Protein Structure Levels

• Primary structure: sequence of amino acids.
• Secondary structure: interactions in the peptide backbone, forming helices or sheets.
• Tertiary structure: final folded shape stabilized by various interactions.
• Quaternary structure: arrangement of multiple polypeptide chains.
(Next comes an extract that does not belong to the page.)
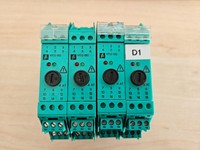 PLC Pepperl+Fuchs 43546 KFD2-EB2 (2 unités) – Produit neuf et original sous garantie – Systèmes de contrôle programmables pour l'automatisation industrielle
Additional Structural Features

• Motifs: recurring secondary structural elements aiding in function prediction.
• Domains: functional units within proteins, often serving different roles.

Chaperones

• Assist proteins in proper folding; deficiencies can lead to diseases like cystic fibrosis.

Denaturation

• Loss of protein structure and function due to changes in pH, temperature, or ionic concentration.

Lipids

• Comprise a diverse group of molecules, typically insoluble in water, due to high nonpolar C-H bonds.
• Include fats, oils, waxes, and some vitamins.

Fats

• Triglycerides are composed of one glycerol and three fatty acids.
• Fatty acids can be saturated (no double bonds) or unsaturated (one or more double bonds).
• Trans fats are artificially created by hydrogenation.

Phospholipids

• Comprised of glycerol, two fatty acids (nonpolar tails), and a phosphate group (polar head).
• Essential for forming biological membranes.

Micelles and Phospholipid Bilayer

• Micelles: lipid molecules orient with heads towards water and tails away.
• Phospholipid bilayer: forms when two layers align with heads outward and tails inward, creating a barrier.